Exercise details. Examine the material below. Gather every line in which the string "particular" appears.

────────────────────────────────────────

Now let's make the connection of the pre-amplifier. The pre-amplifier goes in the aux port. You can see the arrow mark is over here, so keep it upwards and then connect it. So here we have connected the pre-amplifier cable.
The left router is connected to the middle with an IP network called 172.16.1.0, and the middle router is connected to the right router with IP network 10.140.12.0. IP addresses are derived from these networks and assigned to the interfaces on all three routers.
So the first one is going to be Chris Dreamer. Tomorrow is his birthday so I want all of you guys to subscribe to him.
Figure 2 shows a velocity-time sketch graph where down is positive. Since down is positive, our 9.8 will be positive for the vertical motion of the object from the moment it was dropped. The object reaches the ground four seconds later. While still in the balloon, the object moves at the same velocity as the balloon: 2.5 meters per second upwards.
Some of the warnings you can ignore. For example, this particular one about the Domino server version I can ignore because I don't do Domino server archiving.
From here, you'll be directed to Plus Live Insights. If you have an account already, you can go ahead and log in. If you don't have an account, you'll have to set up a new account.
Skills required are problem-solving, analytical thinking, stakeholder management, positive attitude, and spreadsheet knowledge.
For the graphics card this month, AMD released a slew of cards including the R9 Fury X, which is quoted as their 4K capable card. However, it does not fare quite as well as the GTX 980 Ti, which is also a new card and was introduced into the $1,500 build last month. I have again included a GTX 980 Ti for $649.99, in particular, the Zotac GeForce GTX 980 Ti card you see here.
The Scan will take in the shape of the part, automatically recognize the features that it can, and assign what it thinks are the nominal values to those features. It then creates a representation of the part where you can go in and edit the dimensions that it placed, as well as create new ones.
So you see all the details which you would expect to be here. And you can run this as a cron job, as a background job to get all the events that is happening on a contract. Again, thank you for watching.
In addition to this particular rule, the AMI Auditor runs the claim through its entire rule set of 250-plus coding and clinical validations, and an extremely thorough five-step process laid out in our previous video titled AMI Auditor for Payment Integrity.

────────────────────────────────────────

Exercise output.
Some of the warnings you can ignore. For example, this particular one about the Domino server version I can ignore because I don't do Domino server archiving.
For the graphics card this month, AMD released a slew of cards including the R9 Fury X, which is quoted as their 4K capable card. However, it does not fare quite as well as the GTX 980 Ti, which is also a new card and was introduced into the $1,500 build last month. I have again included a GTX 980 Ti for $649.99, in particular, the Zotac GeForce GTX 980 Ti card you see here.
In addition to this particular rule, the AMI Auditor runs the claim through its entire rule set of 250-plus coding and clinical validations, and an extremely thorough five-step process laid out in our previous video titled AMI Auditor for Payment Integrity.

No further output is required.